The NIH’s Cancer Genome Atlas pilot project, which is funded with a three-year, $100 million grant from the National Human Genome Institute and the National Cancer Institute, will contribute its analyses of lung, brain, and ovarian cancer samples, which have not yet been published. The pilot project launched at the end of 2005.
But more US groups might join the consortium later. “We anticipate the US will have other groups come in to do different tumors” for the ICGC, said Ozenberger.
Game Plan
In general, consortium members — which have to agree to the ICGC’s policies and guidelines — can be either funding members, which provide financial support; or research members, which need to have existing or committed financial resources from a funding member.
A data-coordination center, to be headed by Lincoln Stein, who will join the OICR later this year from Cold Spring Harbor Laboratory, is going to manage the flow of data to a central ICGC database and public repositories, such as sequence trace repositories, microarray respositories, and genome browsers. The center will also perform quality-control checks of the data, facilitate data integration with other public resources, and manage the ICGC data portal.
The consortium may also establish quality-assessment centers to assure the quality of samples used in the project, though it has not yet decided how these centers will be organized.

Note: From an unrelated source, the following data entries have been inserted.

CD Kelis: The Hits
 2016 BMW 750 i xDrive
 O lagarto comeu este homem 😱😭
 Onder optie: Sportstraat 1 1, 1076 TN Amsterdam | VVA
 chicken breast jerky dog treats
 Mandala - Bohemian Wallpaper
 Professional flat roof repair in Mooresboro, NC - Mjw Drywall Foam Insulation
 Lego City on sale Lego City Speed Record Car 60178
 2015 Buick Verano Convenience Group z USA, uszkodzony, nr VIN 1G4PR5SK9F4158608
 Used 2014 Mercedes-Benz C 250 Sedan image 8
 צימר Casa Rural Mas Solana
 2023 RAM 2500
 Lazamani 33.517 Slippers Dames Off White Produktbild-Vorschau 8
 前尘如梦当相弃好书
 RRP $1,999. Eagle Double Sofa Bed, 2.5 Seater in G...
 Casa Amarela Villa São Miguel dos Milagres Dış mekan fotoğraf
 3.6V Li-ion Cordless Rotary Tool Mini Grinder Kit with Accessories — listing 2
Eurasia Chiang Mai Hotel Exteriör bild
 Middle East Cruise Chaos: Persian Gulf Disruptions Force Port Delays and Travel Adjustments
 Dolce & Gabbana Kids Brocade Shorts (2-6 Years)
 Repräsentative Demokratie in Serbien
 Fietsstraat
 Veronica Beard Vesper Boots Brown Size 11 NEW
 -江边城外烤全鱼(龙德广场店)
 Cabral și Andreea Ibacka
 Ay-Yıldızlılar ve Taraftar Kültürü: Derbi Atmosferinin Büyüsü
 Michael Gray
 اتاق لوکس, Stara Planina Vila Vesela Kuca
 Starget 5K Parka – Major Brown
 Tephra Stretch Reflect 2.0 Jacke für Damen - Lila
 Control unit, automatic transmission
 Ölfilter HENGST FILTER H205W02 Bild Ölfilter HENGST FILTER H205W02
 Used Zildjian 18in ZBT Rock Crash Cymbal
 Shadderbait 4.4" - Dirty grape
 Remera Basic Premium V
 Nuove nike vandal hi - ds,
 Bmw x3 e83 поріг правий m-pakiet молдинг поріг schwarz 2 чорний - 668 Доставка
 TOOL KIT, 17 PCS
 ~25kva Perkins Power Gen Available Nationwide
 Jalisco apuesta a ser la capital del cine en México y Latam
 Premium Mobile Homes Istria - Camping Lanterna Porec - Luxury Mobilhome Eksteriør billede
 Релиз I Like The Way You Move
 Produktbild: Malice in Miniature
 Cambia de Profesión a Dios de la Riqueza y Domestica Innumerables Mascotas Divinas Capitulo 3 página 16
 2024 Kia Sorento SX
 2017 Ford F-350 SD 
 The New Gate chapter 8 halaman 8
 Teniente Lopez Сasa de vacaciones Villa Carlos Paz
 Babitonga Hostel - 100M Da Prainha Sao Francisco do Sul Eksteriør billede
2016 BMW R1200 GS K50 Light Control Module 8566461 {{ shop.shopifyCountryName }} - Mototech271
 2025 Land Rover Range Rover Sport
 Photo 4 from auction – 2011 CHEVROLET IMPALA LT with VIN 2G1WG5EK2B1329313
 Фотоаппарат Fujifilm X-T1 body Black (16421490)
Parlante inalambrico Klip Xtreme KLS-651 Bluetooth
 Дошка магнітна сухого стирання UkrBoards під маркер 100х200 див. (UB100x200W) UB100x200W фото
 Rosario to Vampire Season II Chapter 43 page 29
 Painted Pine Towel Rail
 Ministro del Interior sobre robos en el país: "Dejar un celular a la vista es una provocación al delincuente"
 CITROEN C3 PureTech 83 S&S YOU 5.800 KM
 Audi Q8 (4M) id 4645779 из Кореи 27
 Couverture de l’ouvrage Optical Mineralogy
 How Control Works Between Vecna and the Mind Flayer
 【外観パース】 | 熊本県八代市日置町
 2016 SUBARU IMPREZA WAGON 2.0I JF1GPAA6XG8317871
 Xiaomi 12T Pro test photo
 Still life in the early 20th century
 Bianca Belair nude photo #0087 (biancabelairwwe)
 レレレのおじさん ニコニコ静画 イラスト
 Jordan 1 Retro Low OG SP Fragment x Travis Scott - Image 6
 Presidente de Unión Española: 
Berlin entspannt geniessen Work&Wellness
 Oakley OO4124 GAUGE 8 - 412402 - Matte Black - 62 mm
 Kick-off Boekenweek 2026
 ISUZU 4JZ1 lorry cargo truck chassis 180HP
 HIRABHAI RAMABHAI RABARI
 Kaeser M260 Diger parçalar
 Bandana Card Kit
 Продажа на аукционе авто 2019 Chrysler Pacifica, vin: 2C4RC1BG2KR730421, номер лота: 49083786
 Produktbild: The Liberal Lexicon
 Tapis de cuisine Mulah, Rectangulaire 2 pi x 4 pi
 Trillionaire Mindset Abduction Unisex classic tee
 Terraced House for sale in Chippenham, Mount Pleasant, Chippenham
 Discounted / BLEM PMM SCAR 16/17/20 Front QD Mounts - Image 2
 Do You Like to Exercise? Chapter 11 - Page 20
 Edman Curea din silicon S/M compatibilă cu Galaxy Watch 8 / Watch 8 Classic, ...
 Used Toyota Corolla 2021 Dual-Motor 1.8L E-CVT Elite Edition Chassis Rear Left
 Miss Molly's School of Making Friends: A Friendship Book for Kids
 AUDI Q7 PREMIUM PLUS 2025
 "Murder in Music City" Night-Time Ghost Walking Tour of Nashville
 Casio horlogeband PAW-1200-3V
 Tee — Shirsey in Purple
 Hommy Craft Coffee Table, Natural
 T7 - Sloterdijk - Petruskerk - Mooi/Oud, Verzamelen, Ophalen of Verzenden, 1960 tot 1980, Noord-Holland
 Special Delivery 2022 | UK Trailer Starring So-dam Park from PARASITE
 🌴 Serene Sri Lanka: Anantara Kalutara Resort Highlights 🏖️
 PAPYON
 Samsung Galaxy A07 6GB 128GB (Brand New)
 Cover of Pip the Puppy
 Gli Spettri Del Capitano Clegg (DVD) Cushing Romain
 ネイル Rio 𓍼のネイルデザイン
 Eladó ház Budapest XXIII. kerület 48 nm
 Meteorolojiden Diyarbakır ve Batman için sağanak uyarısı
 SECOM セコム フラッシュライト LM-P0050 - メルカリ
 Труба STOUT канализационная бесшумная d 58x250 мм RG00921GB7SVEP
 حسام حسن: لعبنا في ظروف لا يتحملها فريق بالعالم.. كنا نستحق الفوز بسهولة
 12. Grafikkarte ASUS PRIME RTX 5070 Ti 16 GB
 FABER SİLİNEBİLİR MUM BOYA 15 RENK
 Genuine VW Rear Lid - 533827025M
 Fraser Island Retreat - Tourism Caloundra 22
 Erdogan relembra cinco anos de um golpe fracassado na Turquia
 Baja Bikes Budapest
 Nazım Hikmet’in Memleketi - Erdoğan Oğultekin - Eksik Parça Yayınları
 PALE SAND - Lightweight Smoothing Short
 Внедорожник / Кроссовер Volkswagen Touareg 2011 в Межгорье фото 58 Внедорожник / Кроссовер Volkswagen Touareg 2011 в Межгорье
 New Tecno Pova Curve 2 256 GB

Further, the ICGC has established a number of principles, or policies, by which its members must abide, and guidelines that constitute “best practices” at any given time. While “policies” are expected to be long-term, guidelines are likely to evolve over time as technologies advance and knowledge evolves.
For example, members will seek informed consent according to certain standards, and will make datasets available either through open access or controlled access. For example, normalized gene-expression data, DNA-methylation data, and genotype frequencies will be publicly available, whereas genome sequence files, raw genotype calls, and probe-level gene-expression data, which may identify the donors, will only be available to qualifying researchers.
Consortium members must also agree to rapidly release their data to the scientific community prior to publication, similar to the Human Genome Project, and to publish initial analyses “in a timely manner,” according to the White Paper.
They also must promise not to file for intellectual property based on primary data, such as somatic mutations, although they are allowed to make IP claims to “downstream discoveries.”
Hudson, who participated in other international projects like the Human Genome Project and the HapMap project, believes that this consortium is “the best planned in terms of really trying to address most of the issues upfront.
”However, that does not mean everything about the ICGC is set in stone. “We know what the issues are, but we still expect that we will need to evolve as a consortium frequently because of evolving technologies, database structures, and so on.”